Das neue „Qualitätssiegel Raumlufttechnik“ ist zwar nur für komplett neue Anlagen vorgesehen, wurde den Teilnehmern aber aus aktuellem Anlass vom Optimierungsdienstleister Detlef Malinowsky, Geschäftsführer der IBDM GmbH in Riemerling bei München, vorgestellt. Da effiziente Komponenten allein noch keine effizienten RLT-Anlagen machten, erfolge der damit verbundene Qualitätssicherungsprozess in drei Stufen: Entwurfsqualifizierung, Installationsqualifizierung und Betriebsqualifizierung. Letztere über einen Zeitraum von mindestens sechs Monaten, „besser einen Sommer und einen Winter“, wie Malinowsky ergänzte. Die Vergabe des Siegels erfolgt durch einen unabhängigen Dritten, der nicht an der Planung oder Inbetriebnahme beteiligt, jedoch als prüfendes Unternehmen mit der Betriebsqualifizierung beauftragt sein darf. „Da die meisten Neuanlagen bestenfalls funktional in Betrieb genommen werden und erst recht kein energetisch optimierter Betrieb der Neuanlagen umgesetzt wird, ist der Energieverbrauch in den Folgejahren deutlich höher als notwendig. Mit dem vorhandenen Einsparpotenzial könnte also ein Gütesiegel für Raumlufttechnik leicht finanziert werden“, so Malinowskys Fazit.
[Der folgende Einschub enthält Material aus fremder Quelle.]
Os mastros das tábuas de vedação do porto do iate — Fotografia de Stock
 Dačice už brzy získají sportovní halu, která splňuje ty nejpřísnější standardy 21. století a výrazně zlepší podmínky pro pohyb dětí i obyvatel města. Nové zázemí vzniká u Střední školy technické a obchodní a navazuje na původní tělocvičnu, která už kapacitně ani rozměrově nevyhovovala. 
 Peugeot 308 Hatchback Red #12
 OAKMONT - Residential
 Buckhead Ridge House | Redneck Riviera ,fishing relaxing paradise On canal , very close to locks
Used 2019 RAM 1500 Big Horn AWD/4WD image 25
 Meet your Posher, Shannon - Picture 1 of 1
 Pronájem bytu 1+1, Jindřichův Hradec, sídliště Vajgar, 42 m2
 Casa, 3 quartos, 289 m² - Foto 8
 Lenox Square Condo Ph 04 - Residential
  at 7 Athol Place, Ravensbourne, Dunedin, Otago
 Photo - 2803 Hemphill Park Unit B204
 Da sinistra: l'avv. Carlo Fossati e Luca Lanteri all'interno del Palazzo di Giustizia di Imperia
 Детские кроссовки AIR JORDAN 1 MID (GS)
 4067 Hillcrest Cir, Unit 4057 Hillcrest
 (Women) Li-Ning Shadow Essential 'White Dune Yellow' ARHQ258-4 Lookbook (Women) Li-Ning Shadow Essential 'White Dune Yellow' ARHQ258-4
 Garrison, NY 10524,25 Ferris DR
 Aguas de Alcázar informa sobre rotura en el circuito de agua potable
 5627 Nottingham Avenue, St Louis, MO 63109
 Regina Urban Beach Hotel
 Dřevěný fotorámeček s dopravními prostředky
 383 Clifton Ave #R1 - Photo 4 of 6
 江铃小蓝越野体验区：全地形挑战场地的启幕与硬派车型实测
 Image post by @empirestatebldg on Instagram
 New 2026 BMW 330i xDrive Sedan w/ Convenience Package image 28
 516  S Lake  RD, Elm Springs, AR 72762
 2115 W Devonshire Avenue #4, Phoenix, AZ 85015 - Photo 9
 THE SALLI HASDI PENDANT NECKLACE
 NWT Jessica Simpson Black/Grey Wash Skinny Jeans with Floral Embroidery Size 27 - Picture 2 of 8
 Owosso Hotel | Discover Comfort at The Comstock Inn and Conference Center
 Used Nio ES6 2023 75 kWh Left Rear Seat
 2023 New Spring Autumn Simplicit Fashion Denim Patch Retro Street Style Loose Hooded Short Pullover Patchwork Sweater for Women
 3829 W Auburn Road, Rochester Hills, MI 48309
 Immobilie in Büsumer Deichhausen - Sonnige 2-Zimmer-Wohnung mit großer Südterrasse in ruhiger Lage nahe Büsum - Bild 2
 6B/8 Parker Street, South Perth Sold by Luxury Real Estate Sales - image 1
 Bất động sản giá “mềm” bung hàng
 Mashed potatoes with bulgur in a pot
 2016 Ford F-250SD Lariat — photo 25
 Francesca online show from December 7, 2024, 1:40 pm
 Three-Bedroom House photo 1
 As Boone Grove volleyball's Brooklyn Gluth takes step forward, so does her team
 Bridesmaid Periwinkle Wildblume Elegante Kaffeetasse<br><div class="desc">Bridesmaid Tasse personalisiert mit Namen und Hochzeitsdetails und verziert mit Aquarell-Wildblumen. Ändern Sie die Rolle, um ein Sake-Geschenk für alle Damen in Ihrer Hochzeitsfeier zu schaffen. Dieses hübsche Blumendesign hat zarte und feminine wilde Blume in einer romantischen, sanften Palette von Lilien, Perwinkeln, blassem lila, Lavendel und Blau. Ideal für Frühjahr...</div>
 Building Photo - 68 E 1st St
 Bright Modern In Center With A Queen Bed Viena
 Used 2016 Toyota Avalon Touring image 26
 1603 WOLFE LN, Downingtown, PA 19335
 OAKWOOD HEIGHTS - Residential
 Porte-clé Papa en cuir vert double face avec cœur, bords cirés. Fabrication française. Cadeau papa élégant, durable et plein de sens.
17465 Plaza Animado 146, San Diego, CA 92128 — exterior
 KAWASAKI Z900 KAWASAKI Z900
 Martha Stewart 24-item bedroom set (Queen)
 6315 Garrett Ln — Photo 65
Weitere Themen der Veranstaltung waren die Nachrüstung der Luftverteilung in Produktionshallen, die Vernetzung der Energieströme in einer Lackiererei und Wasserstoff als Baustein für energieautonome und CO2-neutrale Gebäude sowie die Kombination einer RLT-Anlage mit einer Wärmepumpe und die künftige Bereitstellung von Primärenergie. Zum Abschluss des Tages bestand die Möglichkeit von Betriebsführungen durch die Bausparkasse Schwäbisch Hall und die örtlichen Stadtwerke.